A Researcher's Guide to Empirical Risk Minimization

This guide provides a reference for high-probability regret bounds in empirical risk minimization (ERM). The presentation is modular: we begin with intuition and general proof strategies, then state broadly applicable guarantees under high-level conditions and provide tools for verifying them for specific losses and function classes. We emphasize that many ERM rate derivations can be organized around a three-step recipe -- a basic inequality, a uniform local concentration bound, and a fixed-point argument -- which yields regret bounds in terms of a critical radius, defined via localized Rademacher complexity, under a mild Bernstein-type variance-risk condition. To make these bounds concrete, we upper bound the critical radius using local maximal inequalities and metric-entropy integrals, thereby recovering familiar rates for VC-subgraph, Sobolev/Hölder, and bounded-variation classes. We also study ERM with nuisance components -- including weighted ERM and Neyman-orthogonal losses -- as they arise in causal inference, missing data, and domain adaptation. Following the orthogonal statistical learning framework, we highlight that these problems often admit regret-transfer bounds linking regret under an estimated loss to population regret under the target loss. These bounds typically decompose the regret into (i) statistical error under the estimated loss and (ii) approximation error due to nuisance estimation. Under sample splitting or cross-fitting, the first term can be controlled using standard fixed-loss ERM regret bounds, while the second depends only on nuisance-estimation accuracy. As a novel contribution, we also treat the in-sample regime, in which the nuisances and the ERM are fit on the same data, deriving regret bounds and showing that fast oracle rates remain attainable under suitable smoothness and Donsker-type conditions.
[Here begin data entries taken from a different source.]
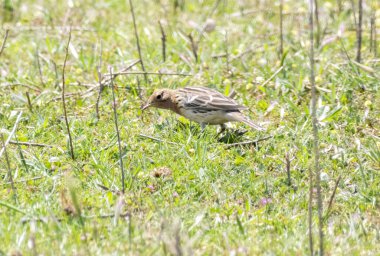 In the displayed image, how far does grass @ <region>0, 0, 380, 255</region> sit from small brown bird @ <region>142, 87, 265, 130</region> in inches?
5.3

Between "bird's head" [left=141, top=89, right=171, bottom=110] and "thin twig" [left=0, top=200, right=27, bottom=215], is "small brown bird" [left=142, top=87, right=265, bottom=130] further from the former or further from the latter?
"thin twig" [left=0, top=200, right=27, bottom=215]

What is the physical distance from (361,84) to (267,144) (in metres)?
1.59

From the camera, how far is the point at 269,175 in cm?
681

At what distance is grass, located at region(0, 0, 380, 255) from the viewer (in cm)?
569

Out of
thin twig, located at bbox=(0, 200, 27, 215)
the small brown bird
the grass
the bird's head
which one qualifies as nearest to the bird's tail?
the small brown bird

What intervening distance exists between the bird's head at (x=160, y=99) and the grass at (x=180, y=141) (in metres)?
0.16

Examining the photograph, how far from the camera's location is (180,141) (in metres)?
7.34

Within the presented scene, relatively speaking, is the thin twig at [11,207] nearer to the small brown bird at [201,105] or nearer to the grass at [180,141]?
the grass at [180,141]

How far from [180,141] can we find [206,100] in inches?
25.8

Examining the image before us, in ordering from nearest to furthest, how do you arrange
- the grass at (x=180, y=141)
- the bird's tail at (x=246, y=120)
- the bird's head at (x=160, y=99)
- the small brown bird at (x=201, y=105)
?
the grass at (x=180, y=141), the bird's tail at (x=246, y=120), the small brown bird at (x=201, y=105), the bird's head at (x=160, y=99)

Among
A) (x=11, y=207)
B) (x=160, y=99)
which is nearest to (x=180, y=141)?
(x=160, y=99)

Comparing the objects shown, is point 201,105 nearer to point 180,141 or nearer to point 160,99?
point 160,99

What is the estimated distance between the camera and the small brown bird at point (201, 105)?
7.64 m

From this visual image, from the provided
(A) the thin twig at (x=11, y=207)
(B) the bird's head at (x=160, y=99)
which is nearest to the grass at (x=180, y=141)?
(A) the thin twig at (x=11, y=207) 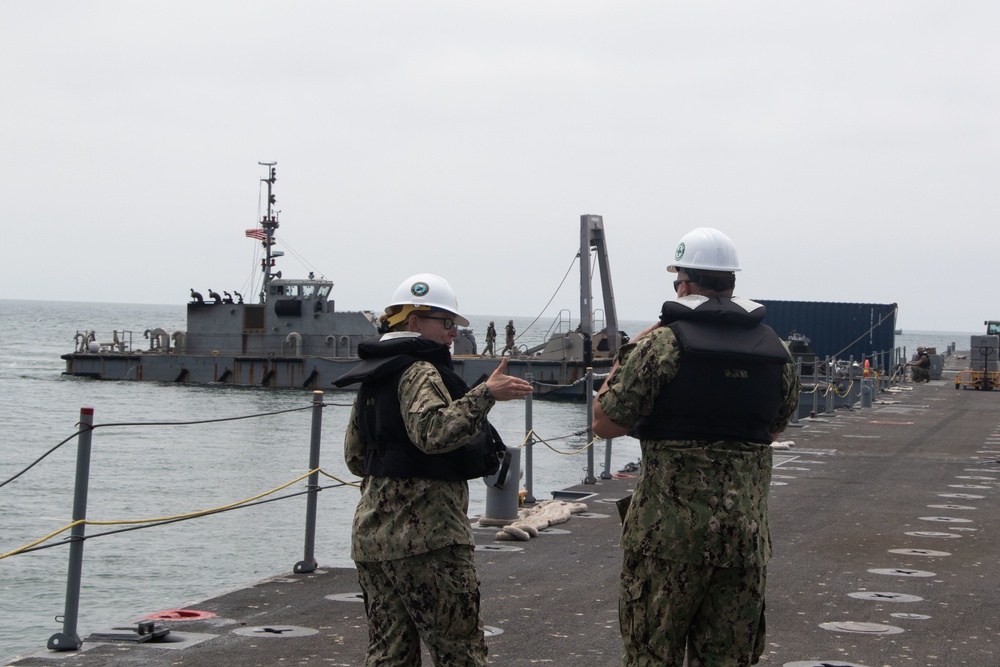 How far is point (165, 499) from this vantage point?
2208 centimetres

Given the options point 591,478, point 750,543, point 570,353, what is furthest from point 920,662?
point 570,353

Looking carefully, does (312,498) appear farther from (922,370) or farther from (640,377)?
(922,370)

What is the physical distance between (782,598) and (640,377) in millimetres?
3976

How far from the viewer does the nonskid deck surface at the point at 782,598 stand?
20.0 ft

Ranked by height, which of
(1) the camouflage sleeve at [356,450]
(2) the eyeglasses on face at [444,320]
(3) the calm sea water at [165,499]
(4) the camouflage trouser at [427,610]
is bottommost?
(3) the calm sea water at [165,499]

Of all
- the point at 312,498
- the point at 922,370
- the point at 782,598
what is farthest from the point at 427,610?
the point at 922,370

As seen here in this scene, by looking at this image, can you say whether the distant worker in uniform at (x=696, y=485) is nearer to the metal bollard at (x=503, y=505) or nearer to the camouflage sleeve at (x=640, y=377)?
the camouflage sleeve at (x=640, y=377)

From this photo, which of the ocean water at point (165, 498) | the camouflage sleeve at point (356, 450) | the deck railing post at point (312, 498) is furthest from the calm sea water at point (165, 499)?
the camouflage sleeve at point (356, 450)

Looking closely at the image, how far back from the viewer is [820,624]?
22.3 ft

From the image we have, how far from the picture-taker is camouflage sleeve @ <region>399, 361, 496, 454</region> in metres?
3.97

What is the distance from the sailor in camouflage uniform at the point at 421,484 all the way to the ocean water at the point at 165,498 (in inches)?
115

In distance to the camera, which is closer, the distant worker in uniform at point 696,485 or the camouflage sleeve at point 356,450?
the distant worker in uniform at point 696,485

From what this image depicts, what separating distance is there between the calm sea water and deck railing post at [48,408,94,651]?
1508 mm

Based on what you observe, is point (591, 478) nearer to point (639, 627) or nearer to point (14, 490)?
point (639, 627) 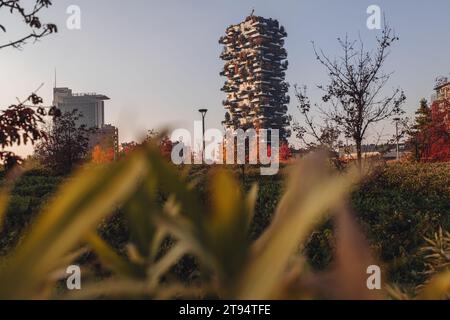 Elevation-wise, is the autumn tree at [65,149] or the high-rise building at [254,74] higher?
the high-rise building at [254,74]

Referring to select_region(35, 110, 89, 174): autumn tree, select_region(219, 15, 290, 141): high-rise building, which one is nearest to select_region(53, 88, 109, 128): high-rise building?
select_region(219, 15, 290, 141): high-rise building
翻译：本指南为经验风险最小化（ERM）的高概率遗憾界提供了参考。论述采用模块化结构：我们从直观理解与一般证明策略入手，随后阐述高层次条件下广泛适用的保证性结论，并提供针对特定损失函数与函数类进行验证的工具。我们强调，许多ERM收敛速度的推导可围绕一个三步框架组织——基本不等式、一致局部集中界与不动点论证——该框架在温和的伯恩斯坦型方差-风险条件下，通过局部化Rademacher复杂度定义临界半径，进而得到以该临界半径表示的遗憾界。为使这些界限具体化，我们利用局部极大值不等式与度量熵积分对临界半径进行上界估计，从而恢复了VC子图类、Sobolev/Hölder类以及有界变差类中常见的收敛速度。我们还研究了包含干扰成分的ERM——包括加权ERM与Neyman正交损失函数——这类问题常见于因果推断、缺失数据与领域自适应场景。遵循正交统计学习框架，我们指出此类问题通常允许建立遗憾转移界，将估计损失下的遗憾与目标损失下的总体遗憾相关联。这些界限通常将遗憾分解为：（i）估计损失下的统计误差，以及（ii）由干扰估计引起的近似误差。在样本分割或交叉拟合条件下，第一项可通过标准固定损失ERM遗憾界进行控制，而第二项仅取决于干扰估计的精度。作为新颖贡献，我们还处理了样本内拟合机制（干扰项与ERM基于相同数据拟合）的情形，推导了相应的遗憾界，并证明在适当的平滑性与Donsker型条件下，仍可获得快速的oracle收敛速度。